Data extracts:
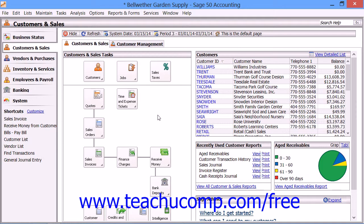Restoring a company file replaces all information in a selected company file with information saved to a backup file which you choose. This is a critical feature that you must learn to perform in the case of company data file corruption or loss. You can choose to restore the company data only, the customized forms only, the web transactions only, or restore all three things at once.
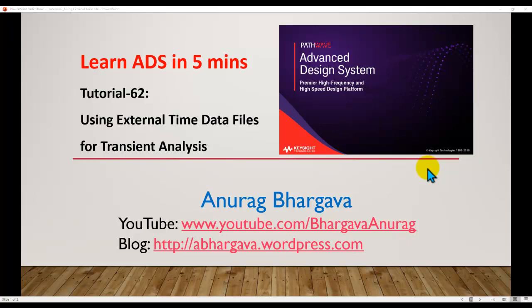Hello and welcome to Learn ADS in 5 minutes. In this tutorial we will talk about how to bring in an external time data file for transient analysis.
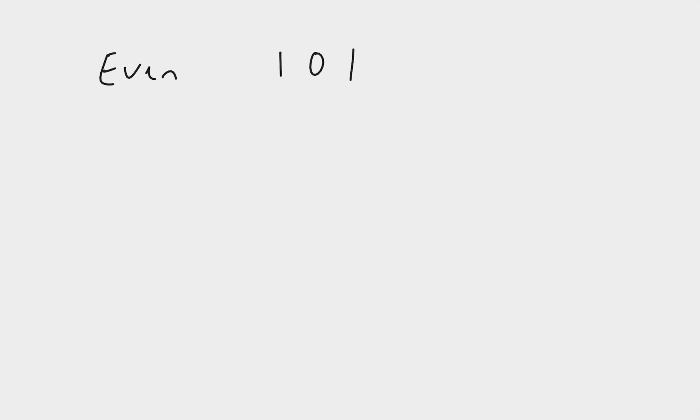We're going to start with even parity. For even parity, we have a sequence of 7 bits, and we need to ensure that we have an even number of ones in our sequence, including the parity bit.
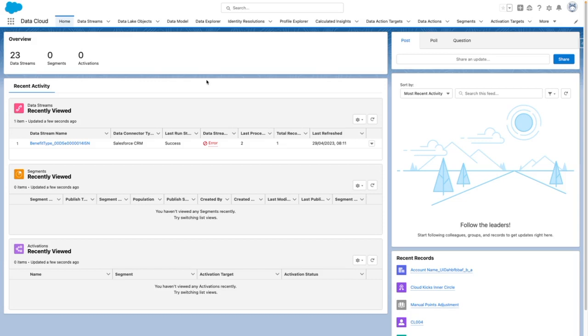Hi, I'm Tom Bassett, and in this video, I'm going to demonstrate how to create a Salesforce data stream within Data Cloud.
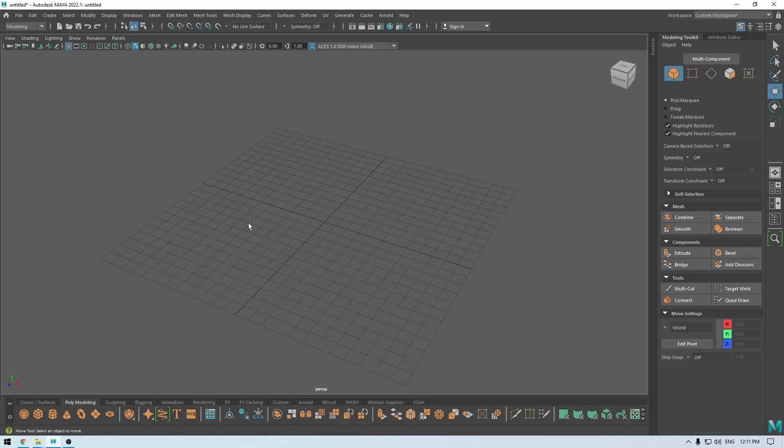Hey guys, welcome back to the channel. In today's video we're going to create some stylized rocks in Maya and ZBrush. For these rocks we are going to use a script in Maya. I've already made a video about it a couple of years back. You can check that video out and get that script from the link in the description.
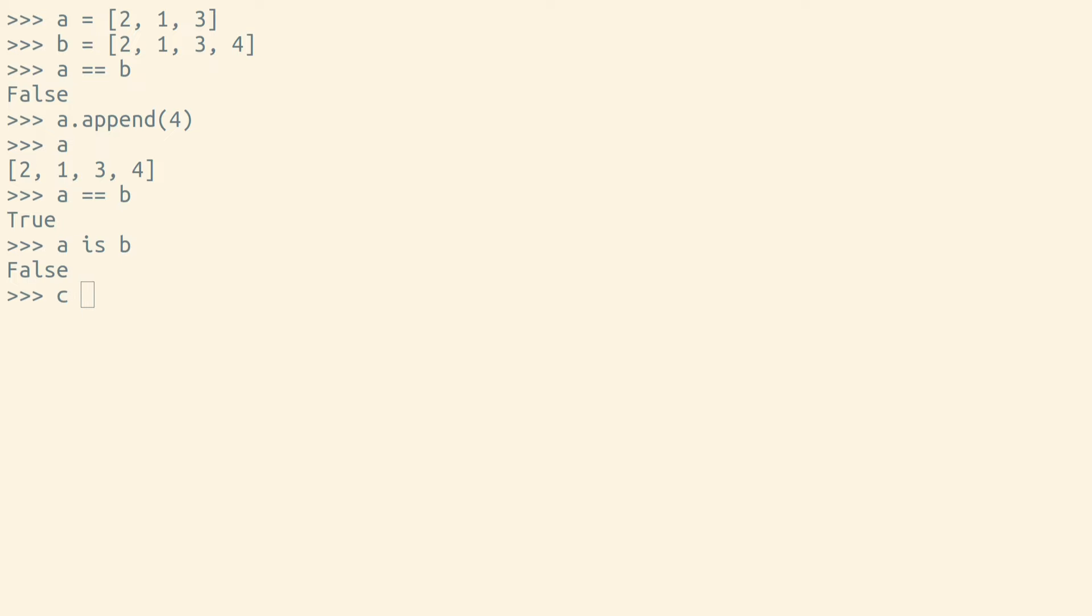Let's point another variable to the same object as one of our existing variables. We've just pointed C and A to the same object, so if we ask whether these two variables are identical, we'll see that they are.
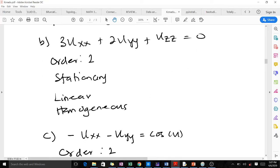For the second PDE, it has an order of 2. It is stationary because there is no time component — u depends on x, y, and z, which are purely spatial coordinates with no time coordinate. It is linear because all the rules for linearity are satisfied, and it is homogeneous because the right-hand side is equal to zero.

Work instruction: Print the records above exactly as they stand, but leave out the pictures.

Response to the task:
Restoring a company file replaces all information in a selected company file with information saved to a backup file which you choose. This is a critical feature that you must learn to perform in the case of company data file corruption or loss. You can choose to restore the company data only, the customized forms only, the web transactions only, or restore all three things at once.
Hello and welcome to Learn ADS in 5 minutes. In this tutorial we will talk about how to bring in an external time data file for transient analysis.
We're going to start with even parity. For even parity, we have a sequence of 7 bits, and we need to ensure that we have an even number of ones in our sequence, including the parity bit.
Hi, I'm Tom Bassett, and in this video, I'm going to demonstrate how to create a Salesforce data stream within Data Cloud.
Hey guys, welcome back to the channel. In today's video we're going to create some stylized rocks in Maya and ZBrush. For these rocks we are going to use a script in Maya. I've already made a video about it a couple of years back. You can check that video out and get that script from the link in the description.
Let's point another variable to the same object as one of our existing variables. We've just pointed C and A to the same object, so if we ask whether these two variables are identical, we'll see that they are.
For the second PDE, it has an order of 2. It is stationary because there is no time component — u depends on x, y, and z, which are purely spatial coordinates with no time coordinate. It is linear because all the rules for linearity are satisfied, and it is homogeneous because the right-hand side is equal to zero.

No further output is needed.